See my question Rationals Approximated by a Fast Converging Series of Rationals

If keep $k$ constant you can create candidate irrationals, but how do you prove they are irrational? in the case $k=1$ and $z=2$ we have according to Mathematica

$$\sum_{m=0}^\infty \sum_{k=1}^1 \frac{1}{(k+2^m)\prod_{n=0}^{k-2}(n+2^m)}=\frac{-\log (2)+\psi _{\frac{1}{2}}^{(0)}\left(-\frac{i \pi }{\log (2)}\right)}{\log (2)}$$

In the general case for $k=1$ and $z$ we have according to Mathematica

$$\sum_{m=0}^\infty \sum_{k=1}^1 \frac{1}{(k+z^m)\prod_{n=0}^{k-2}(n+z^m)}=\frac{2 \psi _z^{(0)}\left(-\frac{i \pi }{\log (z)}\right)+2 \log (z-1)+\log (z)+2 i \pi }{2 \log (z)}$$

This is conjectural, but hopefully gives you some ideas.

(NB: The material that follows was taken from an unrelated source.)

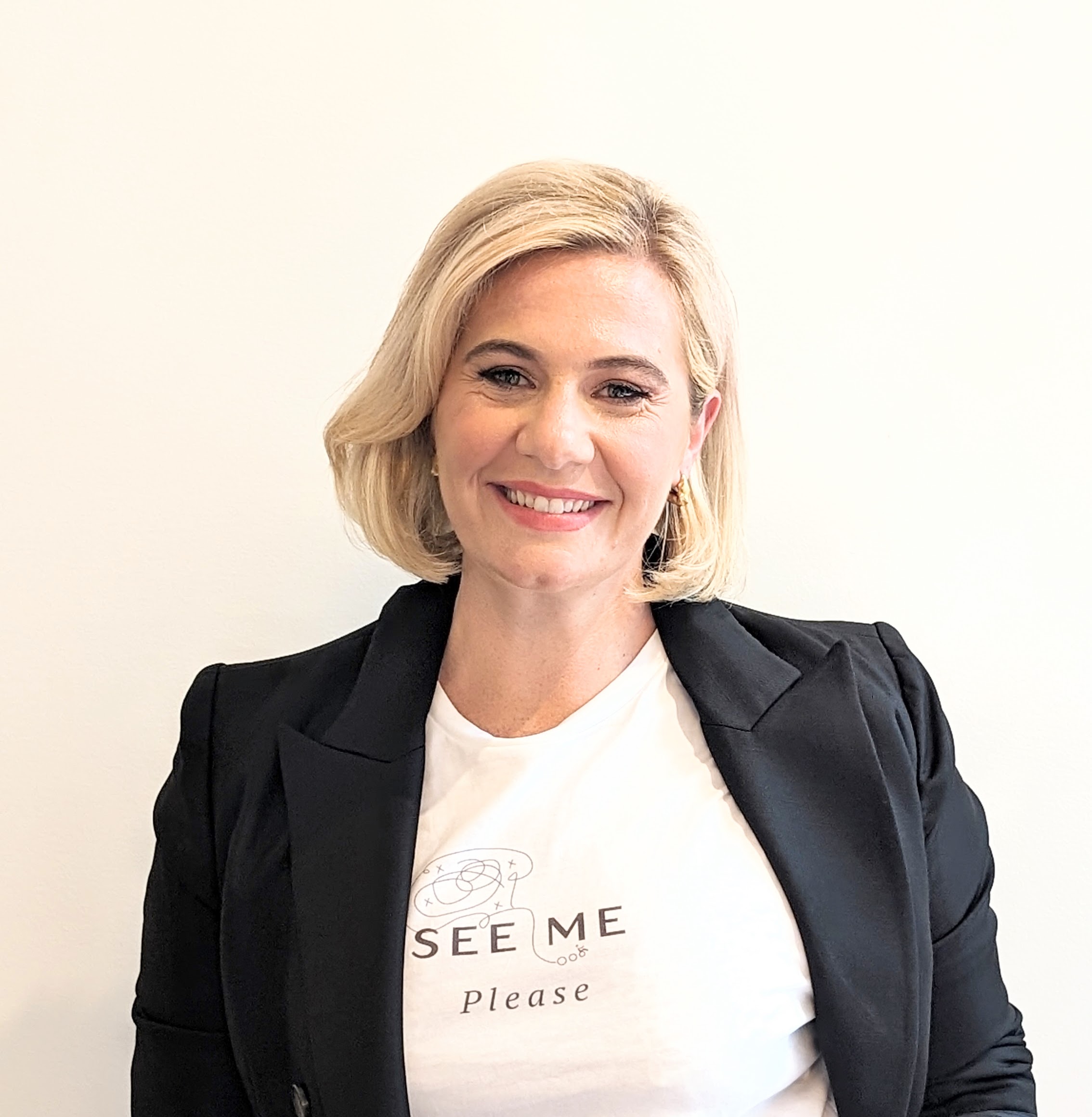 Headshot of Katie. She's got blonde short hair and sporting a See Me Please t-shirt. She looks fresh and relaxed, the photo must have been prior to startup life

I don't know enough about the q-diagamma function have a good handle on how to prove these numbers are irrational.

There are wealth of other possibilities as well. This is the analogous double series for the zeta function

$$\zeta(s)=\sum_{m=0}^\infty \sum_{k=1}^\infty \frac{1}{(k+m^s)\prod_{n=0}^{k-2}(n+m^s)}$$

For $s=2$ and $k=1$ we have

$$\sum_{m=0}^\infty \sum_{k=1}^1 \frac{1}{(k+m^2)\prod_{n=0}^{k-2}(n+m^2)}=\frac{1}{2} (\pi \coth (\pi )-1)$$

I was trying to see if there is a difference between the two types of double series, one that converges to a rational and one that converges to an irrational, but I haven't made much headway on this as I have had other things to do.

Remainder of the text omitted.